- Task goal -
Going line by line through the records below, write out everything starting with the line containing "Sydney Plastic Surgery®" and going on through the line containing "Острогожские рентгенологи и", exactly and inclusively. Pictures do not go in.

- Given records -
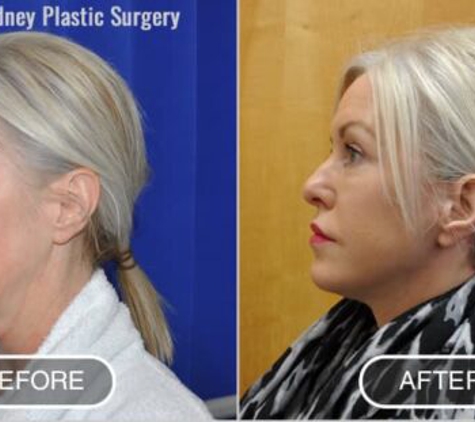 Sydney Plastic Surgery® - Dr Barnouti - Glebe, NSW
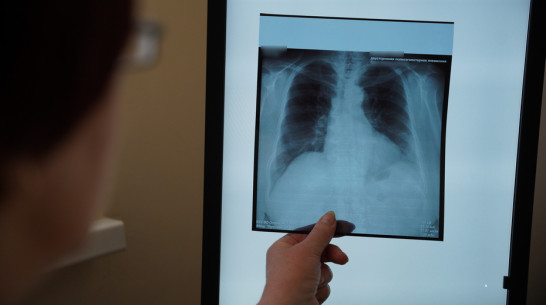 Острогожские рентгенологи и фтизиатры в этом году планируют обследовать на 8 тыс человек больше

==

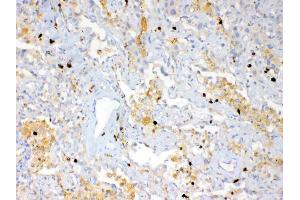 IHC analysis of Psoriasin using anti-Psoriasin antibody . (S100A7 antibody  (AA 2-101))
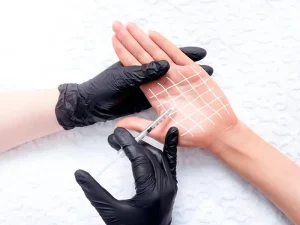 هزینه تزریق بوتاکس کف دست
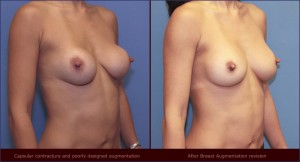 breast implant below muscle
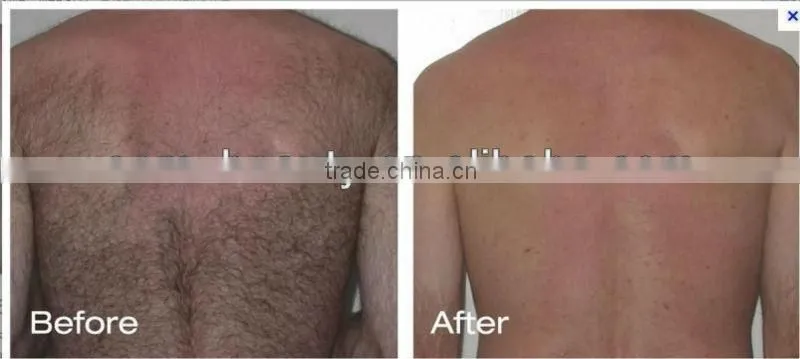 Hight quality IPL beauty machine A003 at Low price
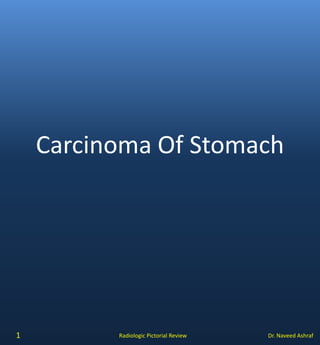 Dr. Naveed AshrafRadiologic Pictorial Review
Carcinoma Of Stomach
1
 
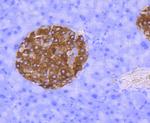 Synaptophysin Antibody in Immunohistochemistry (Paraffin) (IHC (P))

...

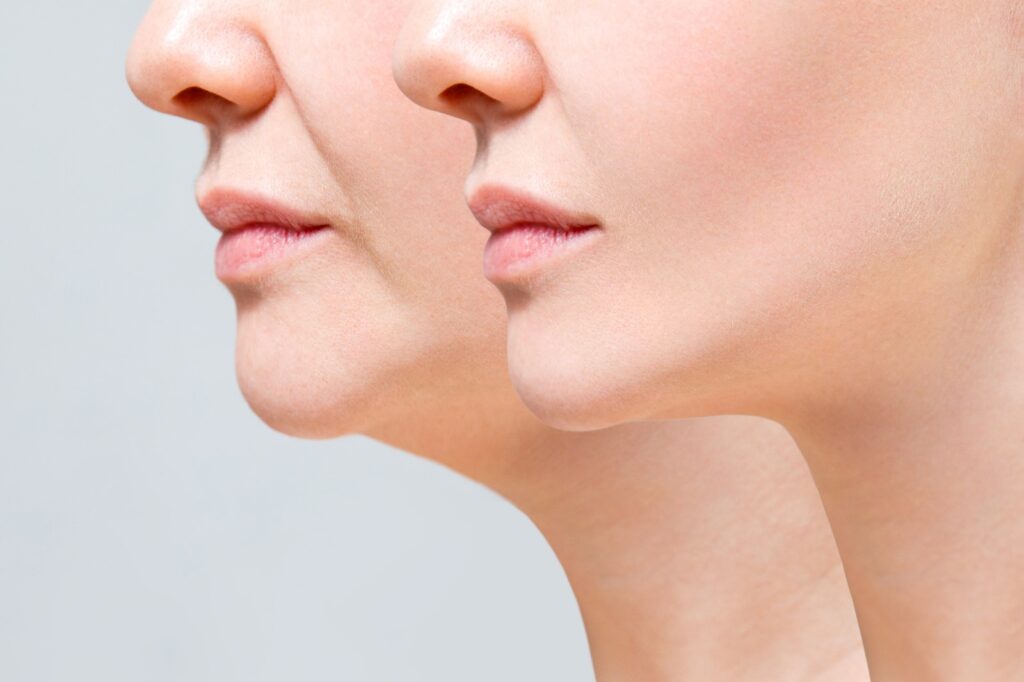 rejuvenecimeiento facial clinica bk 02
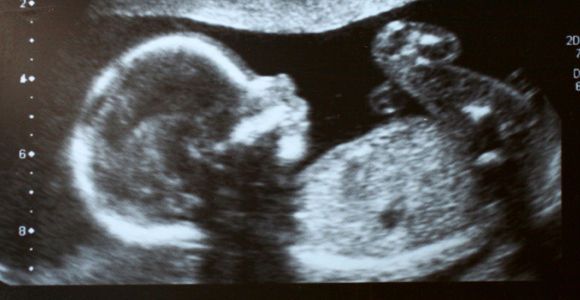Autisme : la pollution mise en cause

- Solution to this exercise -
 Sydney Plastic Surgery® - Dr Barnouti - Glebe, NSW
 Острогожские рентгенологи и фтизиатры в этом году планируют обследовать на 8 тыс человек больше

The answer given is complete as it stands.